The competition is the same at the state level, according to Willingham, the only difference being an interactive story reading.

Willingham said she was nervous and a little bit intimidated during the competition.

"In the competition I didn't really get to socialize with many of my competitors, so I couldn't really get a feel of how everybody taught. It's kind of intimidating going around the room and seeing what everyone else is preparing," she said.

Willingham said didn't think she was going to win.

"It was very exciting, and was completely unexpected. I got a lot of support from the rest of my classmates and that felt good," she said.

For her first-place win, Willingham received a $50 Lowe's gift card and three books from Lakeshore, a publisher of learning books for young children.

"Hopefully, I will be able to use it (the gift card) for something for college that I need for my dorm," Willingham said.

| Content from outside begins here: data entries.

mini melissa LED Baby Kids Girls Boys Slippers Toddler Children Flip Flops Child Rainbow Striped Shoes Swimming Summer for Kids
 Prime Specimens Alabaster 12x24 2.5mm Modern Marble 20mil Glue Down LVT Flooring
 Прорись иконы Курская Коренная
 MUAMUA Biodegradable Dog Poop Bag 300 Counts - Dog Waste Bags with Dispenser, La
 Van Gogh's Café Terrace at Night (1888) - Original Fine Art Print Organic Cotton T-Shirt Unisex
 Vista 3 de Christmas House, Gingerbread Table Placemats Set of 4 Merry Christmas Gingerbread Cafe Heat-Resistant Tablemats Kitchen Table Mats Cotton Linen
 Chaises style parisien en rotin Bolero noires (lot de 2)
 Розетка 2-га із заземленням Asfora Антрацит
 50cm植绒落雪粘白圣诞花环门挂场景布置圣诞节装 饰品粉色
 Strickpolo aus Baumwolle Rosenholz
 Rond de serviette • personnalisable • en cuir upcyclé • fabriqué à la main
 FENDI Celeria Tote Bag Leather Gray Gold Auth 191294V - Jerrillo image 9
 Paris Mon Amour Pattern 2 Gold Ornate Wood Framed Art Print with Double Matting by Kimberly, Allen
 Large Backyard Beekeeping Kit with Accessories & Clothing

Willingham's parents, Tavis Willingham and Stephanie Bard, were not in attendance at the competition, but Willingham said they were watching over the live Internet feed.

"They were very proud and very excited for me," she said.

On Aug. 3, Elizabeth Morgan, superintendent of Washington County Public Schools, presented Willingham with a Golden Apple Award for her achievements at the Skills-USA competition.

Willingham received a golden-colored pin, in the shape of an apple.

"It is one of the ways that we recognize those who have done something for the school system or within the school system," Morgan said.

Morgan also wished her well with her planned career.

"When Ashley is ready to teach," Morgan said. "I hope she'll put Washington County at the top of her list."